The selection of parameters is similar to that described for clean reservoirs. Note that the equation is quadratic, making it significantly more difficult to solve manually for saturation. Normally, saturations in shaly sands are determined using computers or programmable calculators.


This method accounts for shale conductivity in reservoir rocks. Different equations exist for structural, laminated (interbedded), dispersed, and intermixed distribution clays and shales.


One must understand the shale distribution to select the appropriate equation. The value of m is very difficult to determine accurately in fractured or vugular reservoirs. In low salinity reservoirs, these equations overestimate water saturation due to a phenomenon called excess clay conductivity; in these cases, a different model (such as dual water or Waxman-Smit) may be more appropriate.

Example interpretation

The logs in Figures 3 and 4 are used for this example. Figure 3 is a deep induction log recorded with a shallow resistivity device and SP, while Figure 4 is a compensated density-neutron log with a gamma ray. The well is an unconsolidated sand and shale sequence from the Gulf Coast area. Interval D is apparently wet because of the low resistivity. Rw can be determined in this interval from either the SP or by the Archie method (see Determination of water resistivity). Rw was determined here by the Archie method to be 0.026 Q-m at formation temperature. For the purposes of this example, no environmental corrections were made and were assumed to be unnecessary.

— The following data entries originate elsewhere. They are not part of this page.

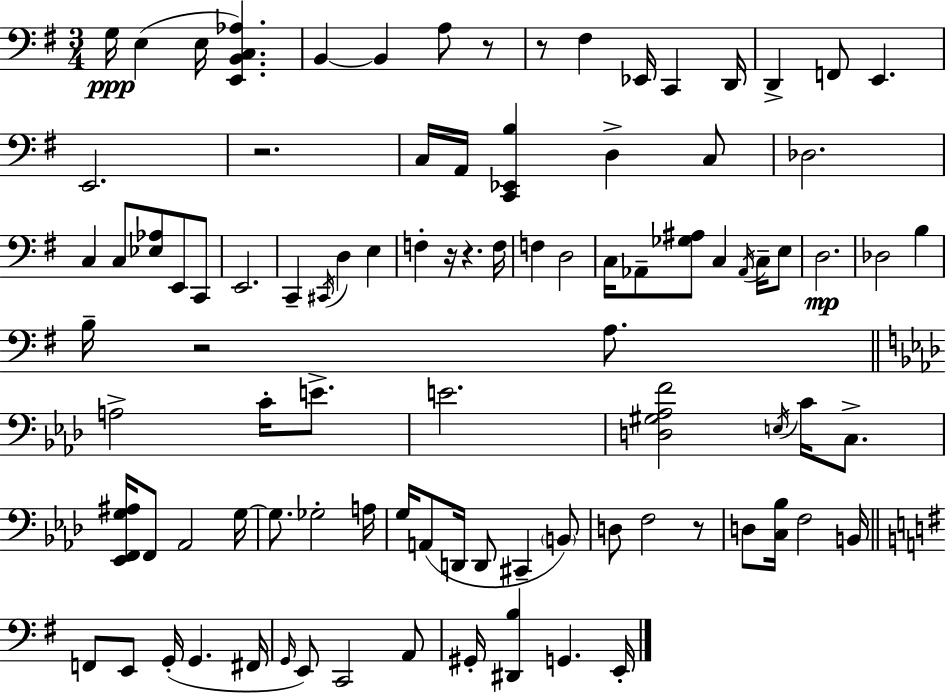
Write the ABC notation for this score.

X:1
T:Untitled
M:3/4
L:1/4
K:G
G,/4 E, E,/4 [E,,B,,C,_A,] B,, B,, A,/2 z/2 z/2 ^F, _E,,/4 C,, D,,/4 D,, F,,/2 E,, E,,2 z2 C,/4 A,,/4 [C,,_E,,B,] D, C,/2 _D,2 C, C,/2 [_E,_A,]/2 E,,/2 C,,/2 E,,2 C,, ^C,,/4 D, E, F, z/4 z F,/4 F, D,2 C,/4 _A,,/2 [_G,^A,]/2 C, _A,,/4 C,/4 E,/2 D,2 _D,2 B, B,/4 z2 A,/2 A,2 C/4 E/2 E2 [D,^G,_A,F]2 E,/4 C/4 C,/2 [_E,,F,,G,^A,]/4 F,,/2 _A,,2 G,/4 G,/2 _G,2 A,/4 G,/4 A,,/2 D,,/4 D,,/2 ^C,, B,,/2 D,/2 F,2 z/2 D,/2 [C,_B,]/4 F,2 B,,/4 F,,/2 E,,/2 G,,/4 G,, ^F,,/4 G,,/4 E,,/2 C,,2 A,,/2 ^G,,/4 [^D,,B,] G,, E,,/4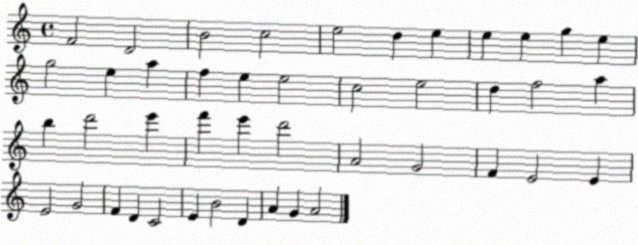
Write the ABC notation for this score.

X:1
T:Untitled
M:4/4
L:1/4
K:C
F2 D2 B2 c2 e2 d e e e g e g2 e a f e e2 c2 e2 d f2 a b d'2 e' f' e' d'2 A2 G2 F E2 E E2 G2 F D C2 E B2 D A G A2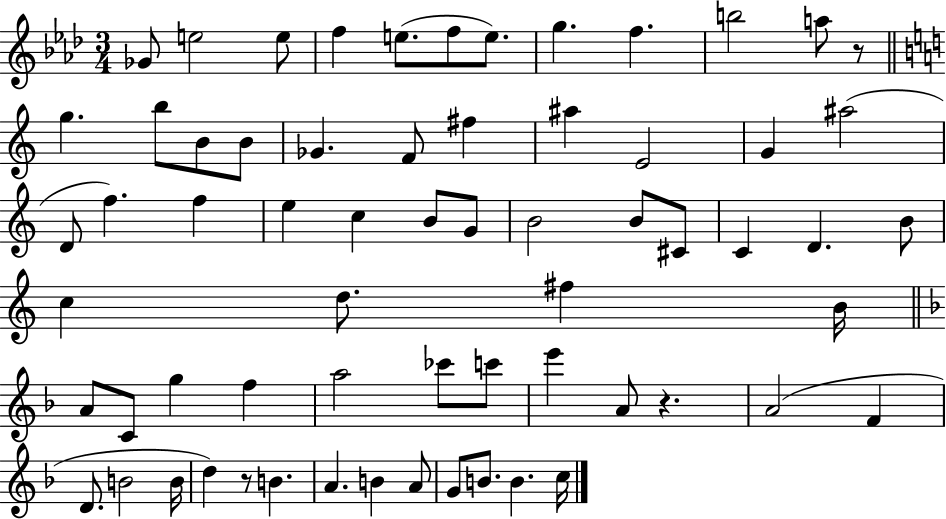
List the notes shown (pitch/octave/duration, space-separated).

Gb4/e E5/h E5/e F5/q E5/e. F5/e E5/e. G5/q. F5/q. B5/h A5/e R/e G5/q. B5/e B4/e B4/e Gb4/q. F4/e F#5/q A#5/q E4/h G4/q A#5/h D4/e F5/q. F5/q E5/q C5/q B4/e G4/e B4/h B4/e C#4/e C4/q D4/q. B4/e C5/q D5/e. F#5/q B4/s A4/e C4/e G5/q F5/q A5/h CES6/e C6/e E6/q A4/e R/q. A4/h F4/q D4/e. B4/h B4/s D5/q R/e B4/q. A4/q. B4/q A4/e G4/e B4/e. B4/q. C5/s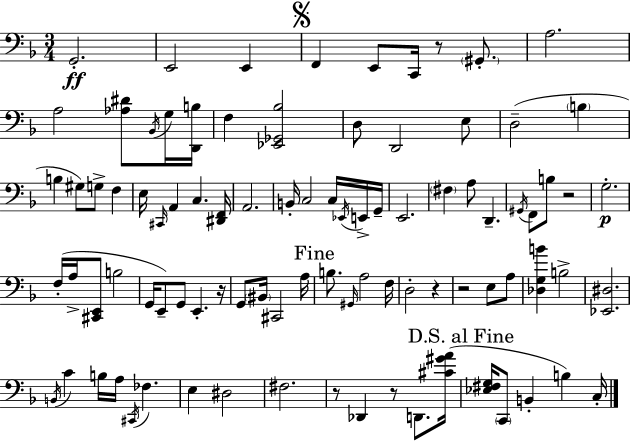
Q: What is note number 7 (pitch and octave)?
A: G#2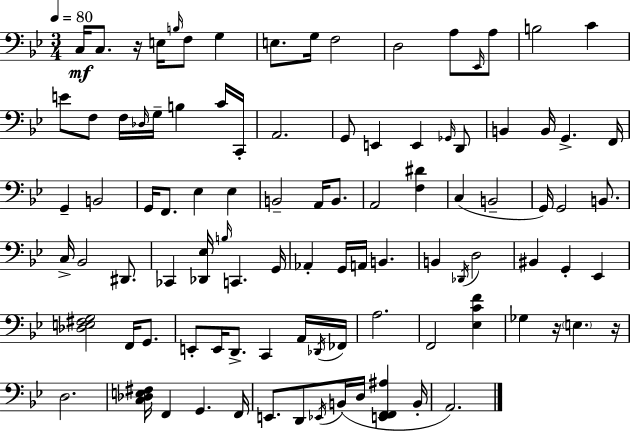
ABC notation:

X:1
T:Untitled
M:3/4
L:1/4
K:Gm
C,/4 C,/2 z/4 E,/4 B,/4 F,/2 G, E,/2 G,/4 F,2 D,2 A,/2 _E,,/4 A,/2 B,2 C E/2 F,/2 F,/4 _D,/4 G,/4 B, C/4 C,,/4 A,,2 G,,/2 E,, E,, _G,,/4 D,,/2 B,, B,,/4 G,, F,,/4 G,, B,,2 G,,/4 F,,/2 _E, _E, B,,2 A,,/4 B,,/2 A,,2 [F,^D] C, B,,2 G,,/4 G,,2 B,,/2 C,/4 _B,,2 ^D,,/2 _C,, [_D,,_E,]/4 B,/4 C,, G,,/4 _A,, G,,/4 A,,/4 B,, B,, _D,,/4 D,2 ^B,, G,, _E,, [_D,E,^F,G,]2 F,,/4 G,,/2 E,,/2 E,,/4 D,,/2 C,, A,,/4 _D,,/4 _F,,/4 A,2 F,,2 [_E,CF] _G, z/4 E, z/4 D,2 [C,_D,E,^F,]/4 F,, G,, F,,/4 E,,/2 D,,/2 _E,,/4 B,,/4 D,/4 [E,,F,,F,,^A,] B,,/4 A,,2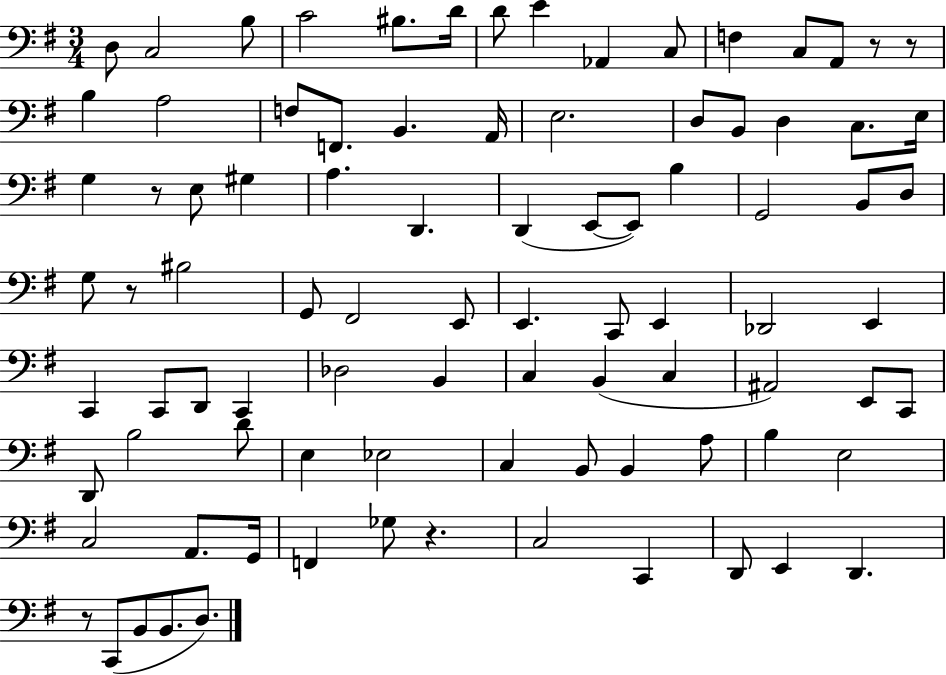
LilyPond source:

{
  \clef bass
  \numericTimeSignature
  \time 3/4
  \key g \major
  \repeat volta 2 { d8 c2 b8 | c'2 bis8. d'16 | d'8 e'4 aes,4 c8 | f4 c8 a,8 r8 r8 | \break b4 a2 | f8 f,8. b,4. a,16 | e2. | d8 b,8 d4 c8. e16 | \break g4 r8 e8 gis4 | a4. d,4. | d,4( e,8~~ e,8) b4 | g,2 b,8 d8 | \break g8 r8 bis2 | g,8 fis,2 e,8 | e,4. c,8 e,4 | des,2 e,4 | \break c,4 c,8 d,8 c,4 | des2 b,4 | c4 b,4( c4 | ais,2) e,8 c,8 | \break d,8 b2 d'8 | e4 ees2 | c4 b,8 b,4 a8 | b4 e2 | \break c2 a,8. g,16 | f,4 ges8 r4. | c2 c,4 | d,8 e,4 d,4. | \break r8 c,8( b,8 b,8. d8.) | } \bar "|."
}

Point A is above the gas-oil contact, as indicated by the severe crossover of the density and neutron porosities that were recorded on a sandstone matrix. The density-porosity log reads 35% and the neutron log 11%. Thus, we have

\phi ={\sqrt  {{\frac  {\phi _{{{\rm {N}}}}^{{2}}+\phi _{{{\rm {D}}}}^{{2}}}{2}}}}={\sqrt  {{\frac  {0.11^{{2}}+0.35^{{2}}}{2}}}}
\phi _{{{\rm {A}}}}=0.26,{\mbox{ or }}26\%

Point B is in a light oil column as indicated by the slight crossover of the density and neutron porosities that were recorded on a sandstone matrix. The density log reads 30% and the neutron log 17%. Thus,

\phi ={\sqrt  {{\frac  {\phi _{{{\rm {N}}}}^{{2}}+\phi _{{{\rm {D}}}}^{{2}}}{2}}}}={\sqrt  {{\frac  {0.17^{{2}}+0.30^{{2}}}{2}}}}
\phi _{{{\rm {B}}}}=0.24,{\mbox{ or }}24\%

Point C is also apparently in a light oil column as indicated by the slight crossover of the density and neutron porosities that were recorded on a sandstone matrix. The density log reads 31% and the neutron log 23%. Thus,

\phi ={\sqrt  {{\frac  {\phi _{{{\rm {N}}}}^{{2}}+\phi _{{{\rm {D}}}}^{{2}}}{2}}}}={\sqrt  {{\frac  {0.23^{{2}}+0.31^{{2}}}{2}}}}
\phi _{{{\rm {C}}}}=0.27,{\mbox{ or }}27\%

The formation resistivity factor can be calculated from these porosities using one of the relationships for soft formations:

F_{{{\rm {A}}}}={\frac  {0.81}{\phi ^{{2}}}}={\frac  {0.81}{0.26^{{2}}}}=12.0
F_{{{\rm {B}}}}={\frac  {0.81}{\phi ^{{2}}}}={\frac  {0.81}{0.24^{{2}}}}=14.1
F_{{{\rm {C}}}}={\frac  {0.81}{\phi ^{{2}}}}={\frac  {0.81}{0.27^{{2}}}}=11.1

Saturations can be estimated from the Archie equation since there is little or no volume shale, as indicated by the gamma ray. Rt should be determined after environmental corrections, but is assumed here to be equal to the deep induction resistivity (RILd) due to the high porosity and relatively shallow mvasion. In zone A, Rt is 5.0 Ω-m, in zone B, 13 Ω-m, and in zone C, 0.55 Ω-m.

Assuming n to be 2.0, Archie's equation can be written and solved for each zone as follows:

S_{{{\rm {wA}}}}={\sqrt  {{\frac  {F\times R_{{{\rm {w}}}}}{R_{{{\rm {t}}}}}}}}={\sqrt  {{\frac  {12.0\cdot 0.026}{5.0}}}}=0.25
S_{{{\rm {wB}}}}={\sqrt  {{\frac  {F\times R_{{{\rm {w}}}}}{R_{{{\rm {t}}}}}}}}={\sqrt  {{\frac  {14.1\cdot 0.026}{13.0}}}}=0.17
S_{{{\rm {wC}}}}={\sqrt  {{\frac  {F\times R_{{{\rm {w}}}}}{R_{{{\rm {t}}}}}}}}={\sqrt  {{\frac  {11.1\cdot 0.026}{0.55}}}}=0.72,{\mbox{ or }}72\%

This analysis found zone A to be a gas-bearing sand with 26% porosity and 25% water saturation. However, water saturation is most likely overestimated due to the proximity of the massive conductive shale bed. Zone B was found to be a light oil sand with 24% porosity and 17% water saturation. Zone C was found to be a residual light oil sand with 27% porosity and 72% water saturation.